_Assignment_
What you return must be exactly the lines running from the one with "صالي شهر من" to the end of the data below, inclusive, and nothing more.

Extracted records START

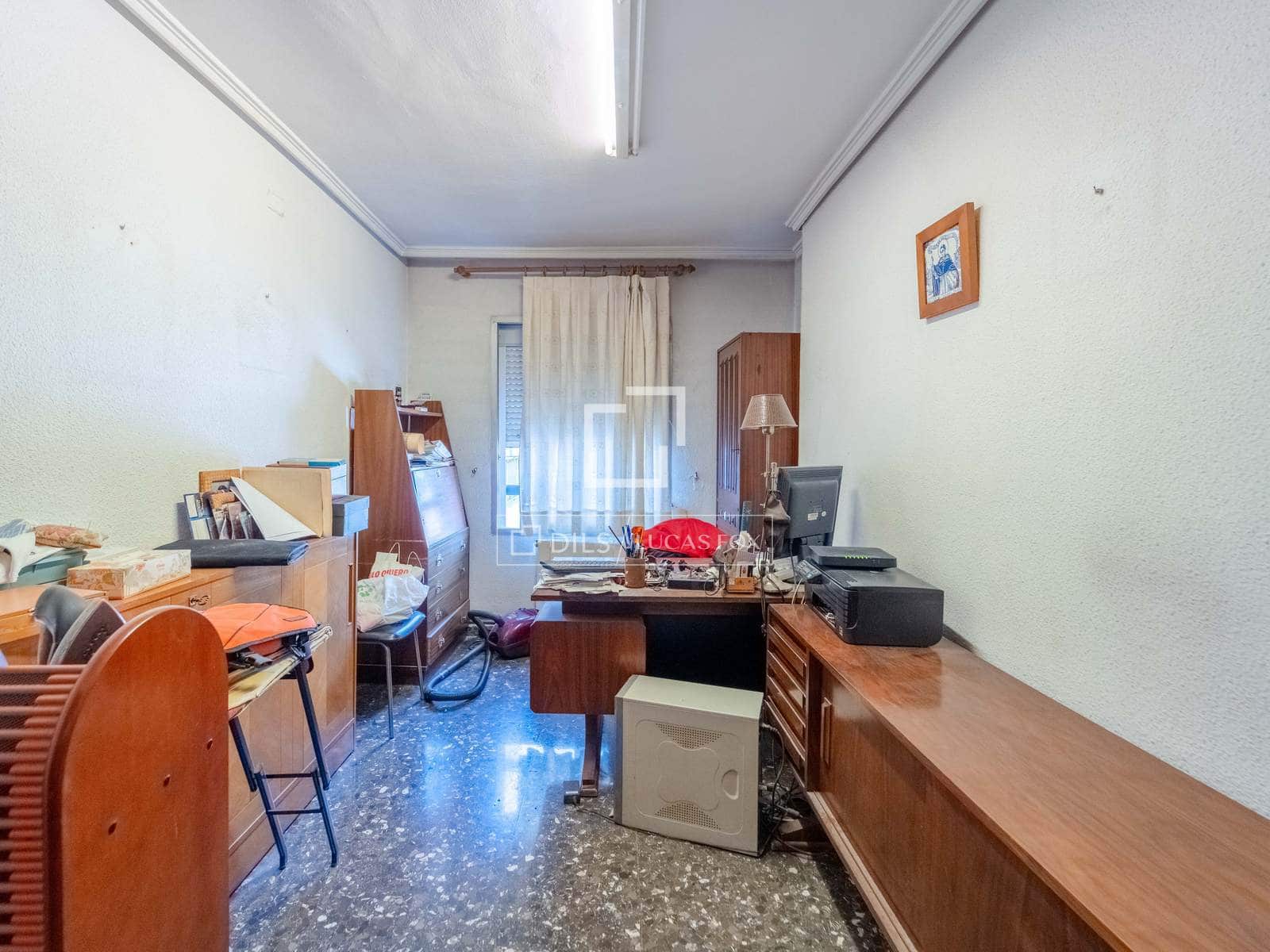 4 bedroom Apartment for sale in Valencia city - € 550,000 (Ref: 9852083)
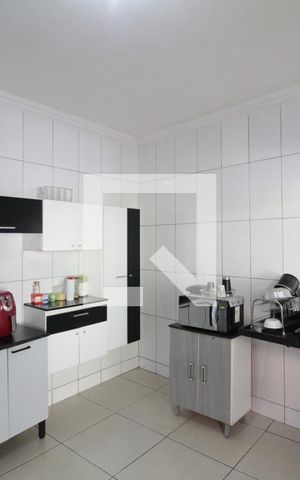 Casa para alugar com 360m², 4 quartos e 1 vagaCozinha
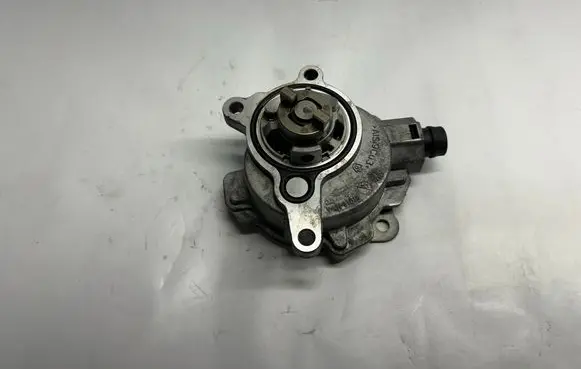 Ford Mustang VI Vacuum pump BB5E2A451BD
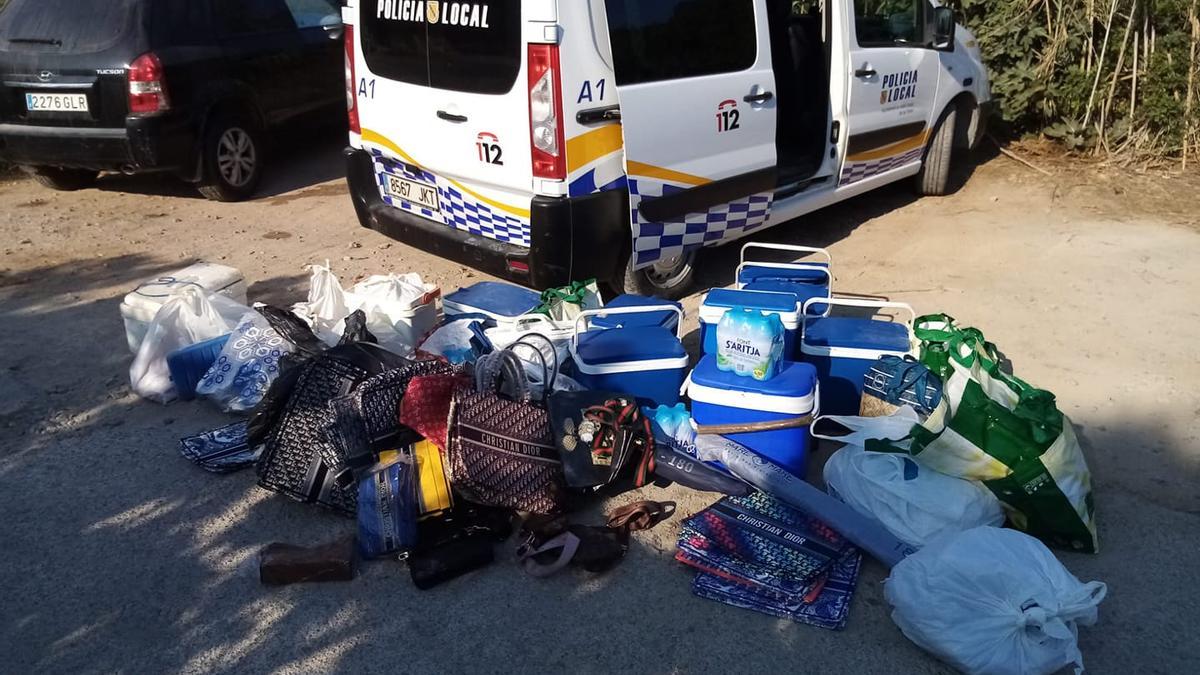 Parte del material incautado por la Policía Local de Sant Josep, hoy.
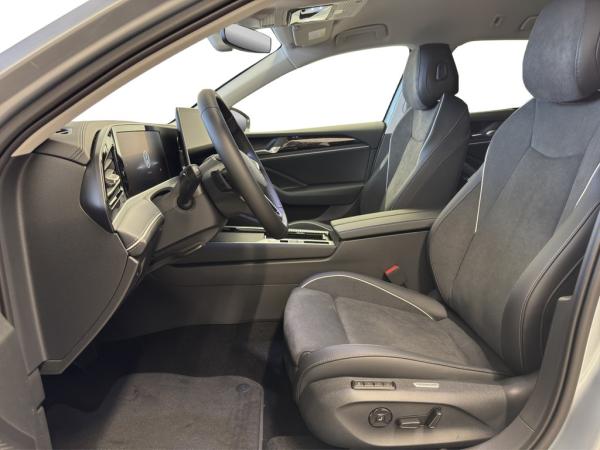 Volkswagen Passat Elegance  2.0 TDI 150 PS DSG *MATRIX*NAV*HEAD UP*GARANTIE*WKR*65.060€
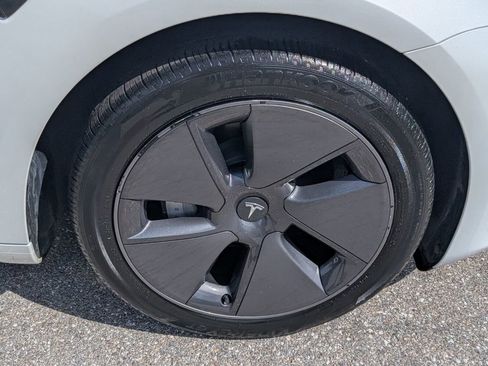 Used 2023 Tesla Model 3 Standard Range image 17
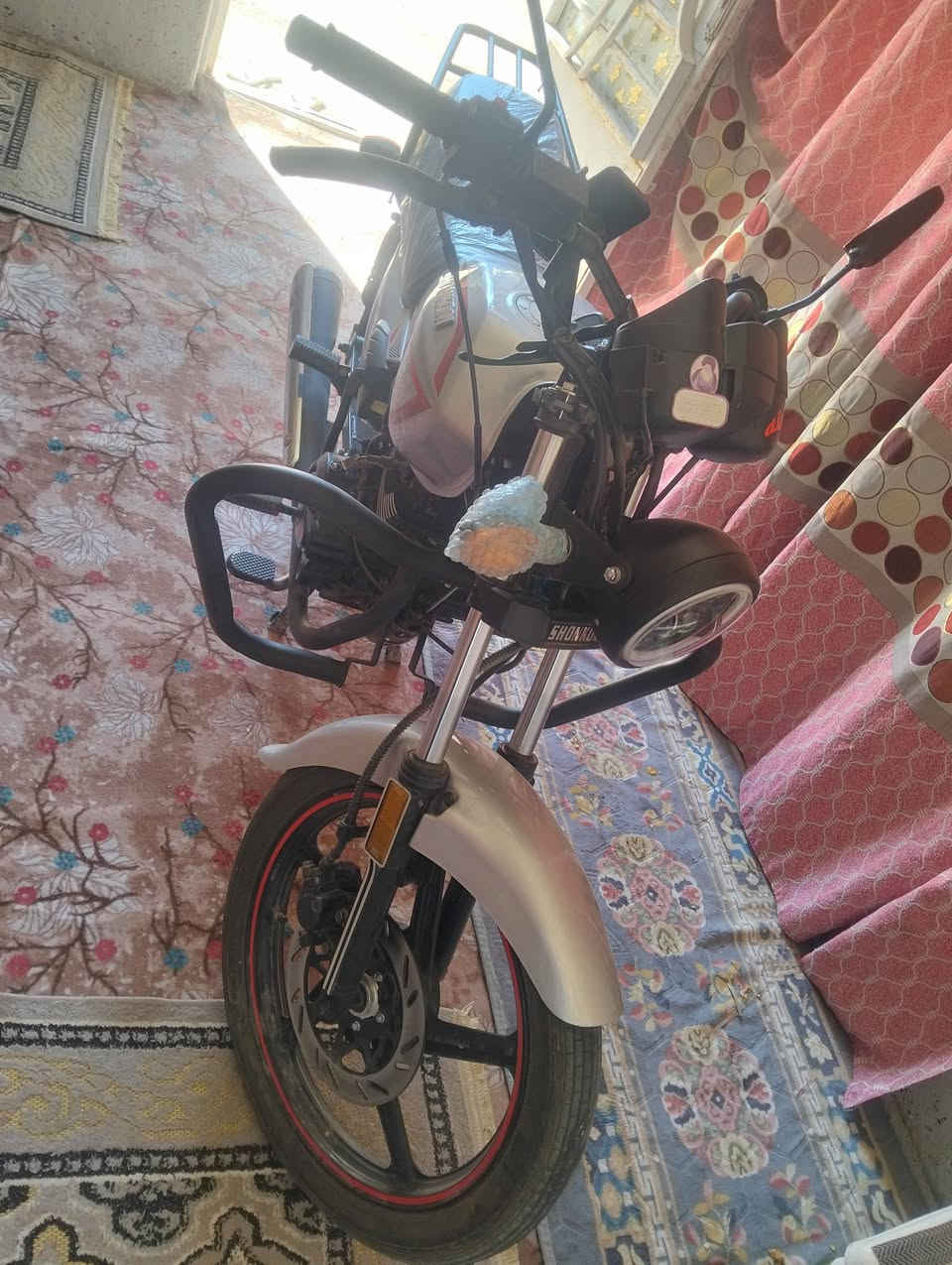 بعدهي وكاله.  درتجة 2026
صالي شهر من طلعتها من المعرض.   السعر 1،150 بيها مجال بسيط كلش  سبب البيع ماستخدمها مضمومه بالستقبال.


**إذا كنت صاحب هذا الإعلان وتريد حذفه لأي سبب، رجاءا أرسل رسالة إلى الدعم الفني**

Extracted records END

_Response area_
صالي شهر من طلعتها من المعرض.   السعر 1،150 بيها مجال بسيط كلش  سبب البيع ماستخدمها مضمومه بالستقبال.


**إذا كنت صاحب هذا الإعلان وتريد حذفه لأي سبب، رجاءا أرسل رسالة إلى الدعم الفني**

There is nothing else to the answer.